Theoretically, the absence of long-standing persistent AF patients in the GP group could have affected our results. However, in the literature, positive clinical effects associated with GP ablation in persistent and long-standing persistent AF patients have been described. Pokushalov et al. showed that a GP ablation and additional circumferential isolation of all PV offered a success rate of 59.6% (8), and the acute effect of PVI on HRV parameters was described even in these patients (22). In our patients, the effect of GP ablation on HRV parameters was also similar in the subgroup of GP patients with persistent AF; although due to the small number of patients with persistent AF, no statistical analysis could be done. While we cannot exclude the effect the type of arrhythmia might have on HRV following a GP ablation, the complete absence of any effect of GP ablation among our Hybrid patients in our opinion, cannot be explained by arrhythmia type only, but is understandable in terms of TA-associated incidental GP ablation.
Vagal responses and ANS changes were observed in the GP group. Targeted ablation of GPs in patients subsequent to TA had no effects on any of the measured HRV parameters. TA using a COBRA linear catheter might appears to lead to incidental ablation of the GP as well.
The major limitation of the current study is the small number of patients enrolled in the hybrid group. Only patients with symptomatic persistent and long-standing AF are recommended to have that procedure, therefore, the number of patients was limited. Moreover, only patients who are in sinus rhythm (SR) at the beginning of the EP procedure, could have been enrolled (patients in AF cannot be analyzed). It further decreased the number of available patients. Another limitation was the absence of ECG recordings and HRV analysis of hybrid patients during the surgical part of the procedure.

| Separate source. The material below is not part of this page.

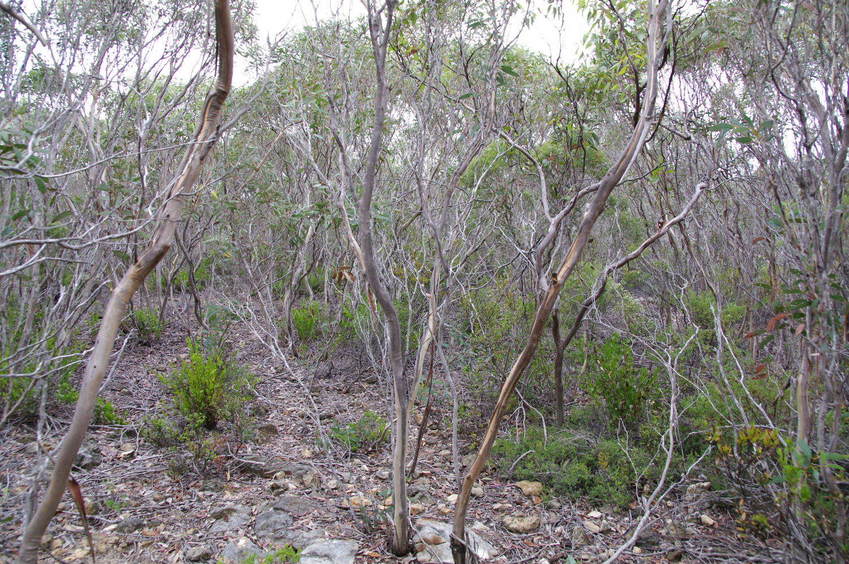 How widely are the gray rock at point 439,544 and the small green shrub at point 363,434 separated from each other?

The analysis of ECG before and after surgery could have been very important to assess the effect of surgery on HRV, unfortunately, due to inclusion criteria for hybrid ablation (persistent or long-standing persistent AF), the vast majority of patients were in AF at the beginning of the surgery and therefore this analysis could not have been done. Finally, the heterogeneity of the patients was an issue, with the majority of PVI + GP patients having paroxysmal AF, in whom the effects of PVI could differ. However, the study was completely consistent with our current policies of only recommending hybrid ablation to persistent AF patients, while paroxysmal AF patients were recommended to undergo PVI.
Funding: The study was supported by a research grant from the Ministry of Health, Czech Republic, Nr. AZV 16-32478A.
Conflicts of Interest: The authors have no conflicts of interest to declare.
Ethical Statement: The study was approved by institutional ethics committee of University hospital Kralovske Vinohrady (No. EK-VP/28/3/2015) and written informed consent was obtained from all patients.